Reichl: Wunderbar! Diese beiden Disziplinen sind geradezu ein Paradespiel dafür, wie wir uns in der Wissenschaft gegenseitig ergänzen könnten, wenn man nur will. Wir werden dies an einigen Beispielen demonstrieren. So habe ich etwa vor einigen Jahren die Programmiersprache "Hohoho" für die Santa-Claus-Rentier-Kommunikation entwickelt. Man muss diese Sprache nur ganz leicht modifizieren, damit man sie auch als chemische Formel lesen kann: H OH OH OH usw. Dazu kommt, dass wir nach langwieriger Forschungsarbeit im Periodensystem der Elemente eine seltene Erde namens "Holmium" entdeckt haben, die zwar zu fast nichts nütze ist, aber dafür die Abkürzung "Ho" trägt. All dies zusammen eröffnet völlig neue Perspektiven für die Implementierung eines "Hohoho"-Programms: Es funktioniert nämlich auf dem Laptop genauso wie im Reagenzglas.
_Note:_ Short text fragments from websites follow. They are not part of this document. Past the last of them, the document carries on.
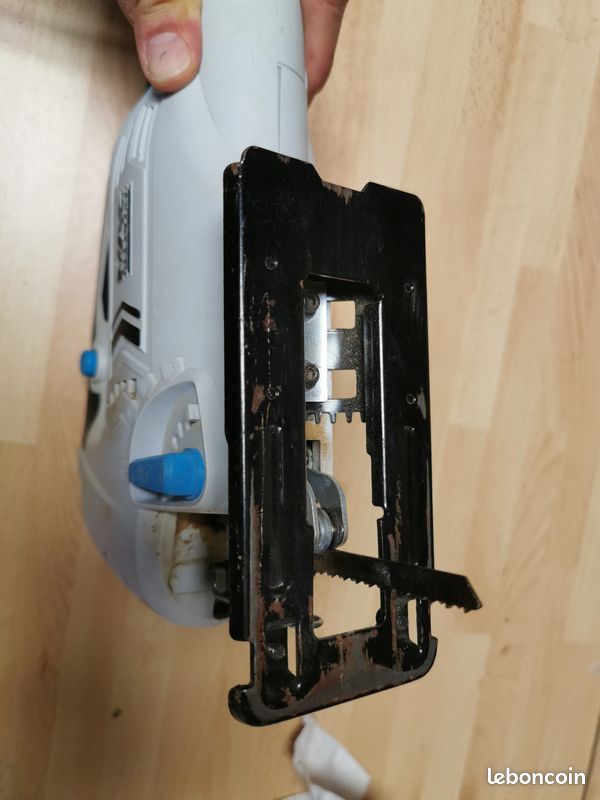 Lot 3 outils filaires Mac Allister : Rabot 900W + Scie sauteuse 600W + Scie circulaire (image 7)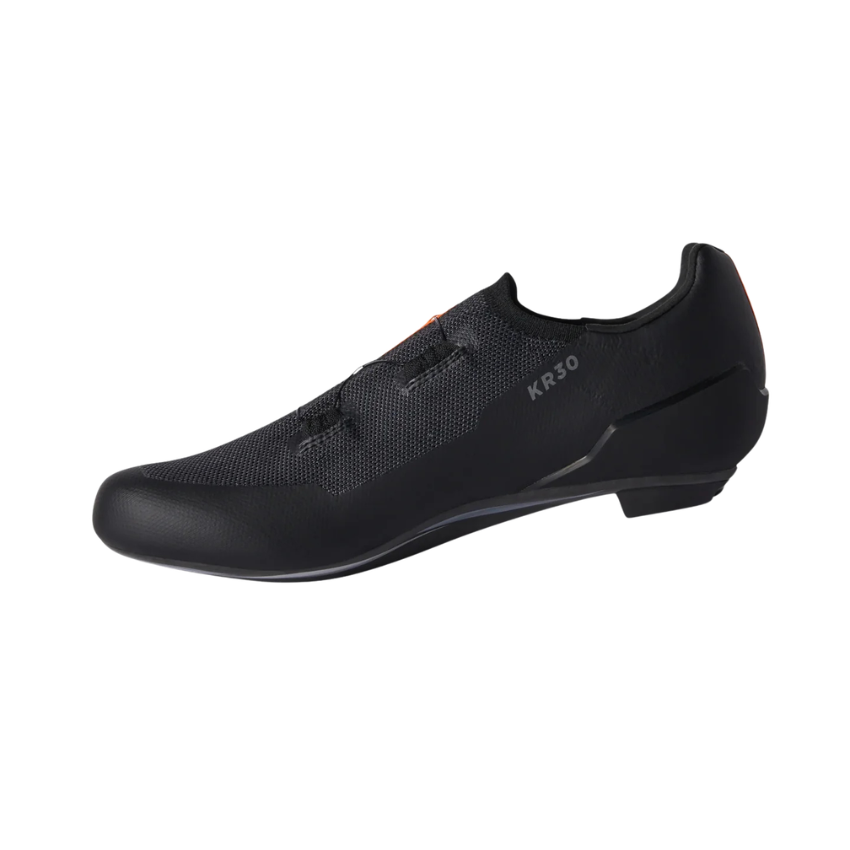 DMT KR30 Knit Road Cycling Shoes - Black / Black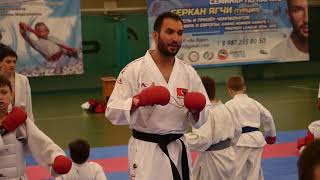 семинар по каратэ WKF Серкана Ягчи (Турция) 18-19 мая г.Казань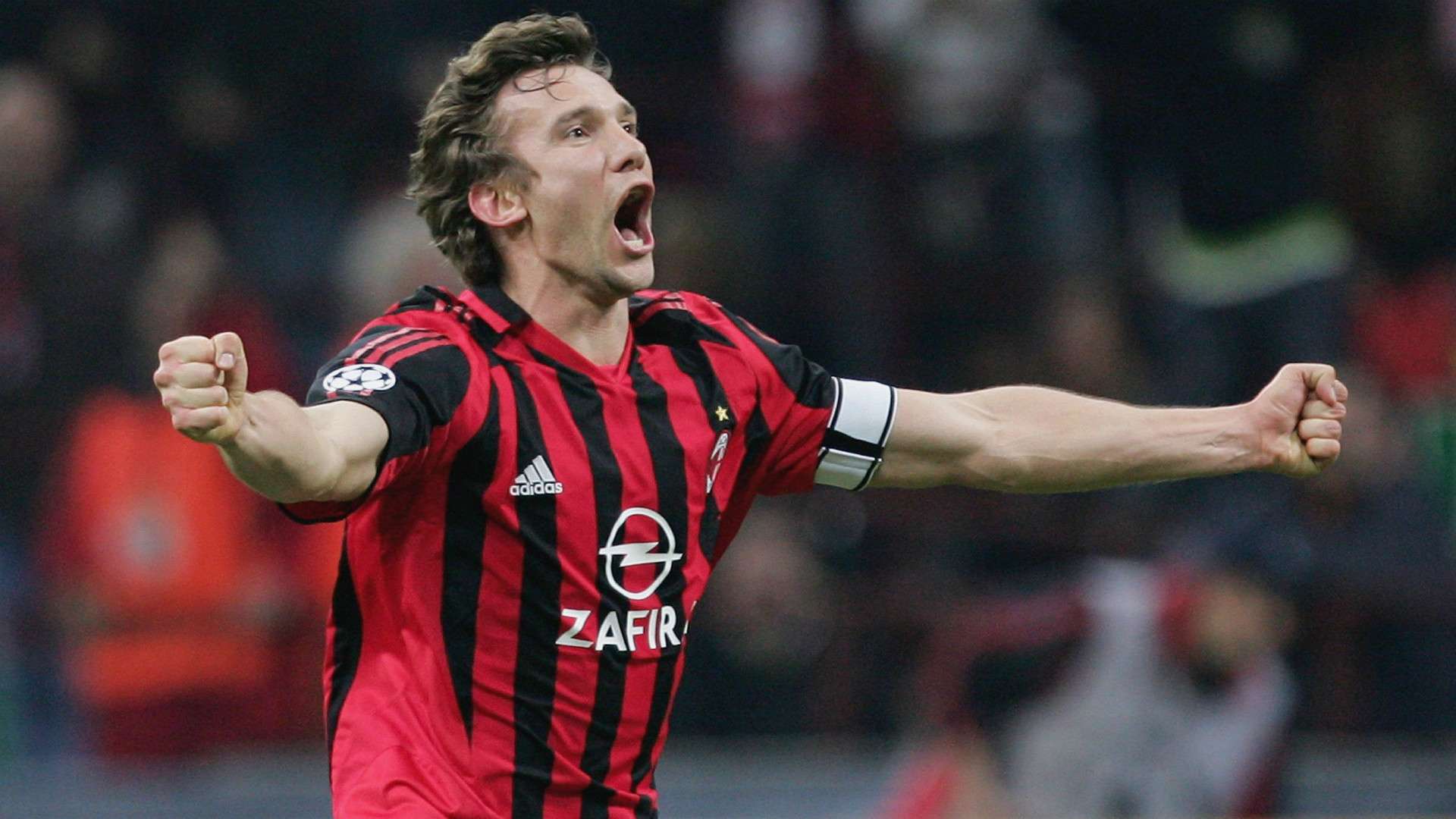 Andriy Shevchenko AC Milan Champions League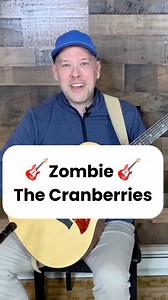 15K views · 81 reactions | You can play Zombie by The Cranberries with just 4 chords and a simple strum pattern. #guitarlesson #guitar #guitartutorial | Sean Beavers | Facebook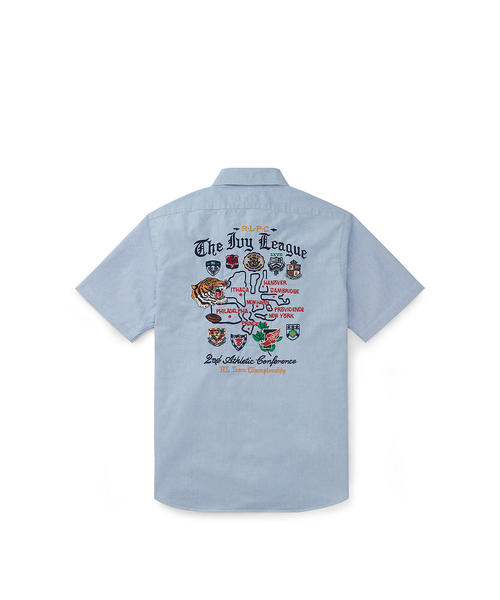 POLO RALPH LAUREN(ポロ ラルフ ローレン)の「クラシックフィット エンブロイダード シャツ(シャツ/ブラウス・メンズ・ブルー系3・SMALL/MEDIUM/LARGE/X-SMALL)」の10枚目の写真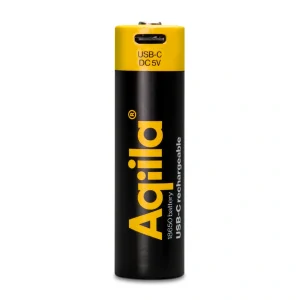 Aqiila oppladbart 18650-batteri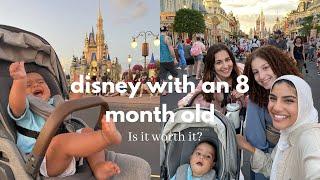 Vlog | Disney with an 8 month old, is it worth it? | Noha Hamid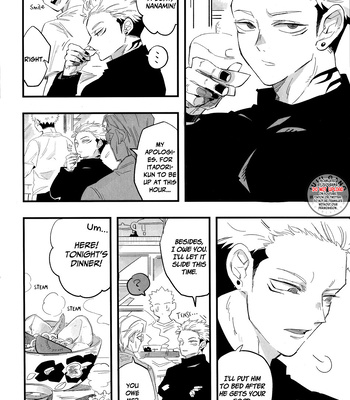 [Serieru] Itadori’s Boarding Home – Jujutsu Kaisen dj [Eng] – Gay Manga sex 9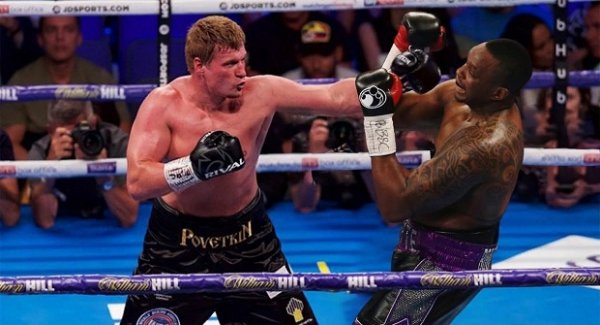 Александр Поветкин стал Чемпионом WBC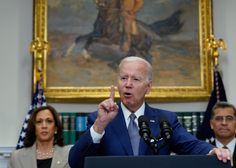 Joe Biden storil pomemben korak v borbi za pravico do splava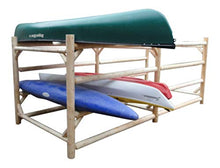 Log Kayak Rack Commercial Kayak Storage Rack Unfinished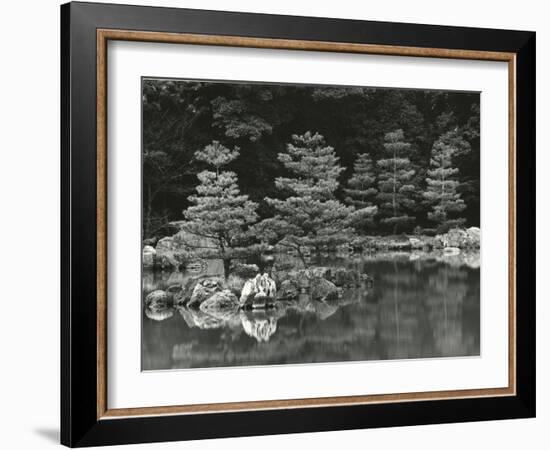 Trees and Water, Japan, 1970-Brett Weston-Framed Photographic Print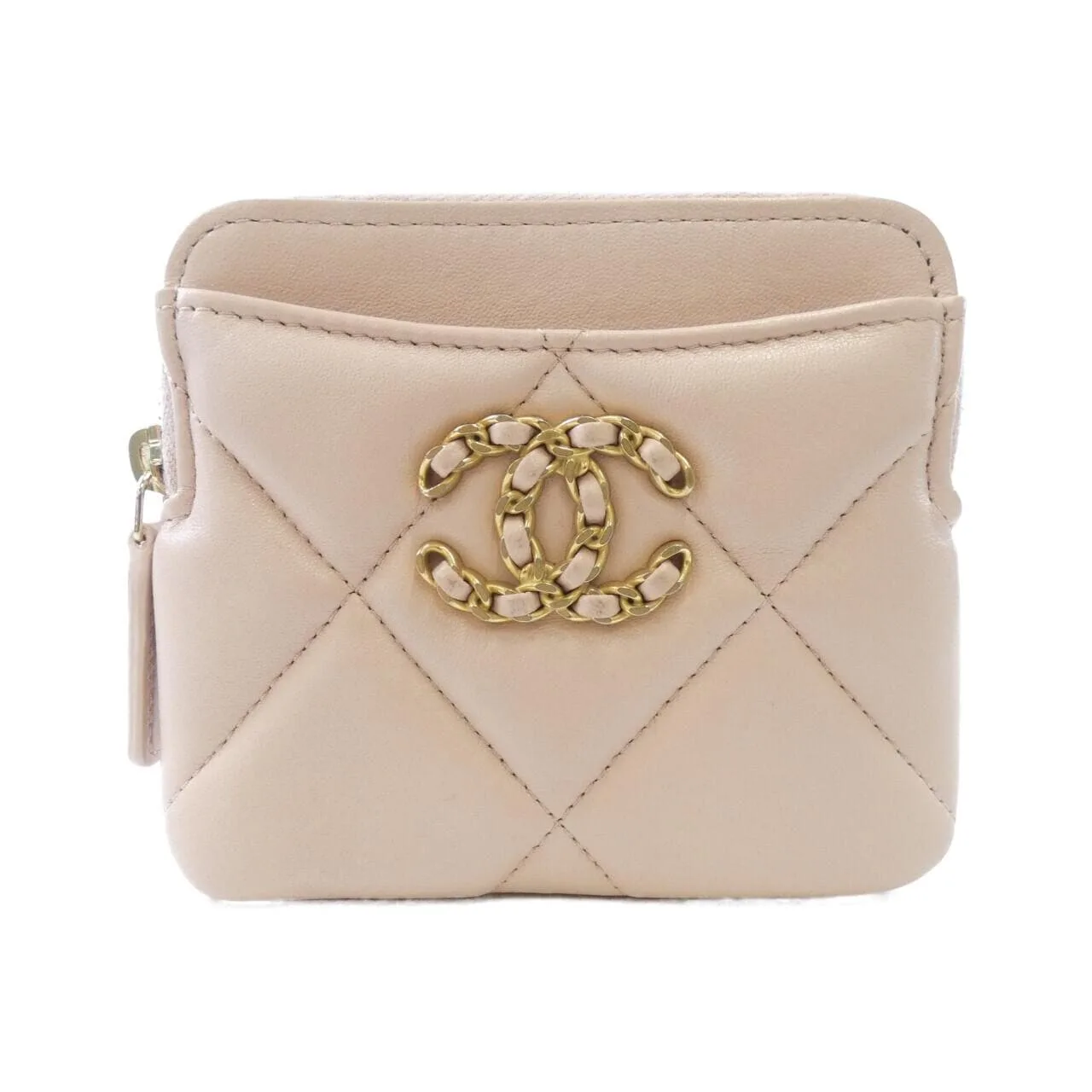 CHANEL Chanel 19 AP2086 Coin Case Lambskin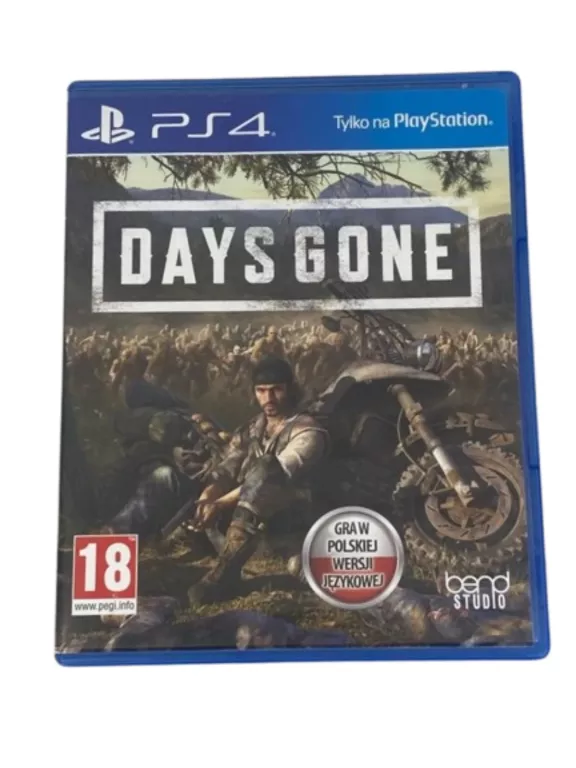 DAYS GONE PS4
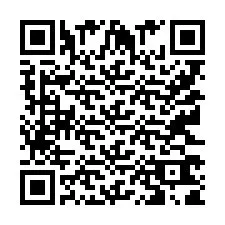 電話番号のQRコード +9512361823
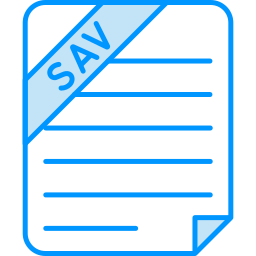 Sav file icon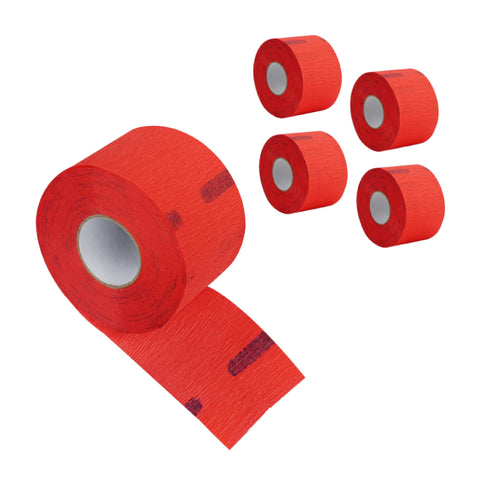 Rolda Barber Paper Neck Strips – 5 Rolls of 100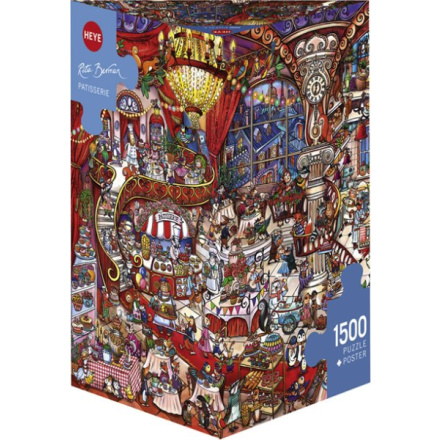 HEYE Puzzle Cukrárna 1500 dílků 157312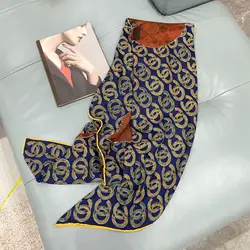 Early spring light luxury fashion thick scarf women warm decorative shawl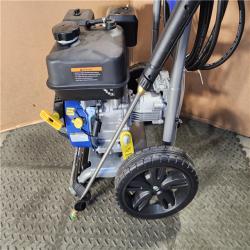HOUSTON LOCATION - AS-IS Westinghouse 3400-PSI  2.5-GPM Gas Pressure Washer with 5 Nozzles & Soap Tank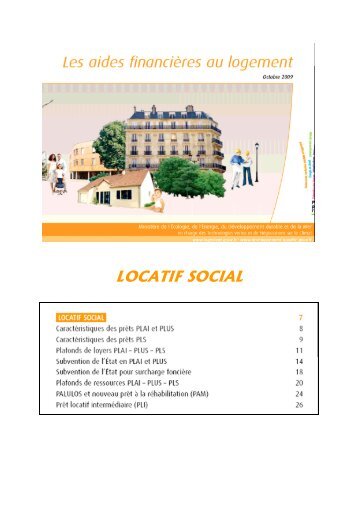 LOCATIF SOCIAL - Cellule Ãconomique du BÃ¢timent et des Travaux ...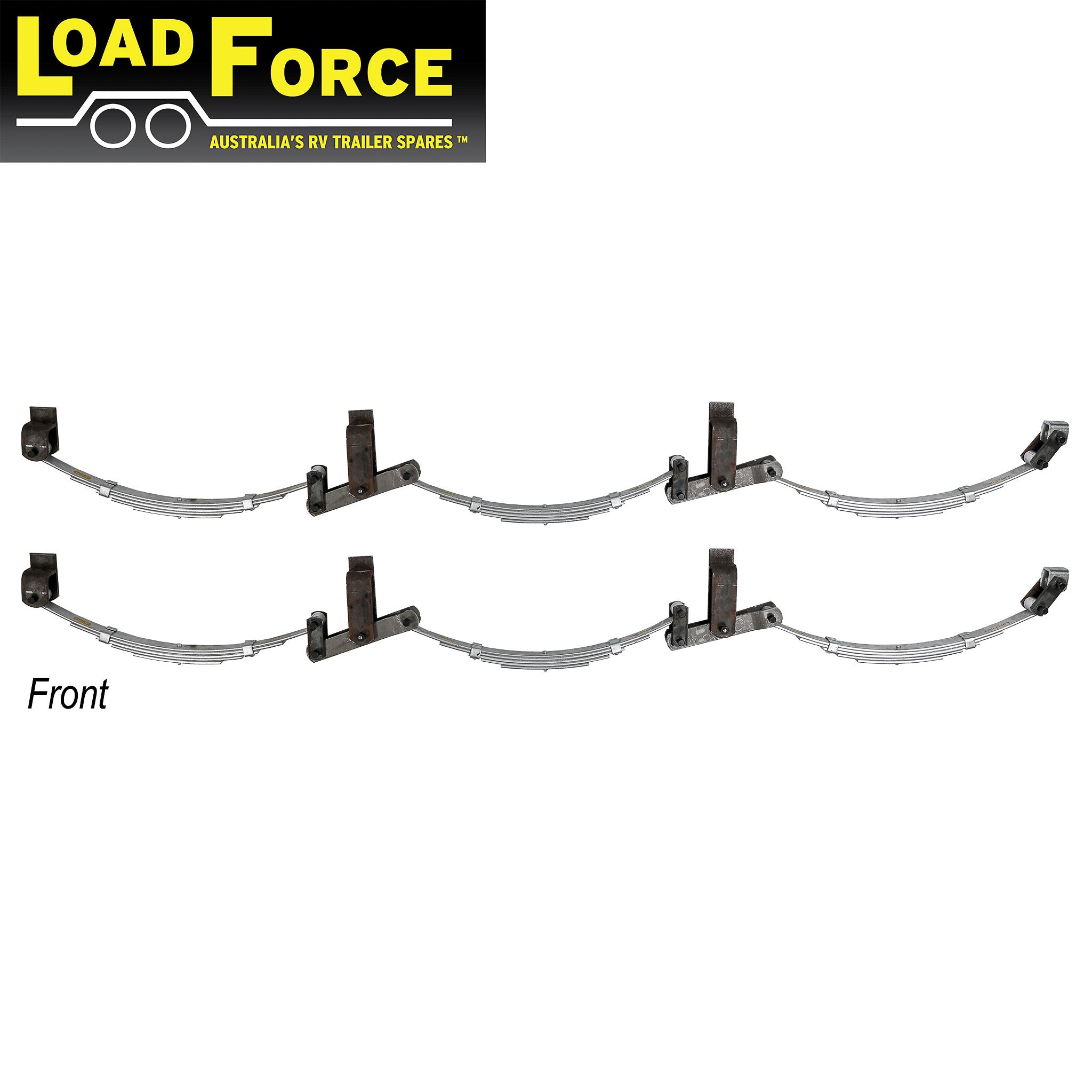Rocker spring kit tri-axle rating 3900kg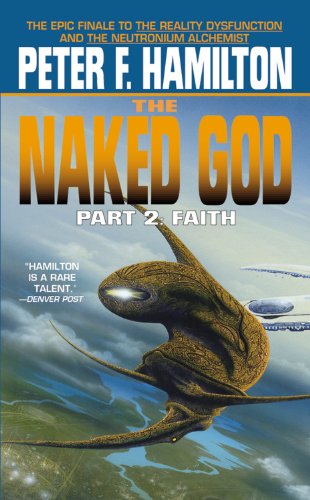 The Naked God 2 book cover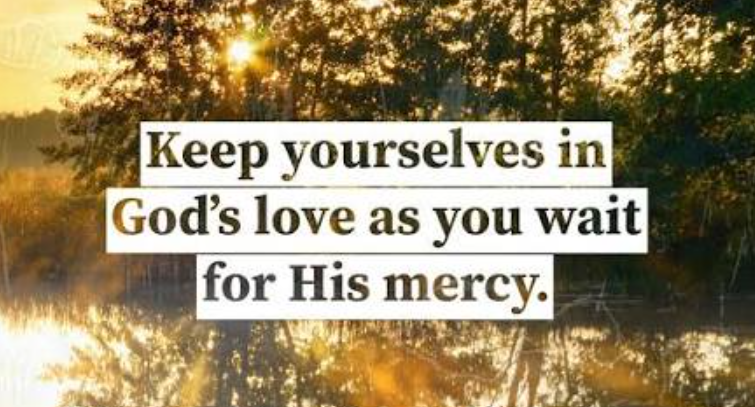 mercy in the waiting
STANDARD: Das ist erstaunlich. Mit Immanuel Kant gefragt: Was darf ich hoffen? Was dürfen Ihre Gäste hoffen? Wird das p. t. Publikum wieder einmal Zeuge eines für bislang unmöglich gehaltenen wissenschaftlichen Durchbruchs knapp vor Weihnachten?

Reichl: Ja, darf es! Das ist ja seit jeher mein Ziel als Hochschullehrer: Gerade in Zeiten einer umfassenden digitalen Transformation müssen wir der interessierten Öffentlichkeit möglichst hautnah vor Augen führen, wie und wohin sich digitale Technologie weiterentwickelt, und interdisziplinäres Arbeiten tut hier einfach not. Ein anderes Beispiel betrifft das Thema "Speicher und Alkohol": Unter der bewährten Leitung von Werner Gruber werden wir demonstrieren, wie man mithilfe von Gin ein oder sogar mehrere Bits speichern kann, während die Kollegen aus der Chemie vorführen, wie sich ein Bit durch Alkohol wieder löschen lässt. Oder nehmen wir den Bereich der Kommunikationsnetze, wo wir einen berühmten Internetstandard, der den Transport von IP-Paketen mithilfe von Brieftauben regelt, für Papierflieger weiterentwickelt haben und in der Praxis erproben werden.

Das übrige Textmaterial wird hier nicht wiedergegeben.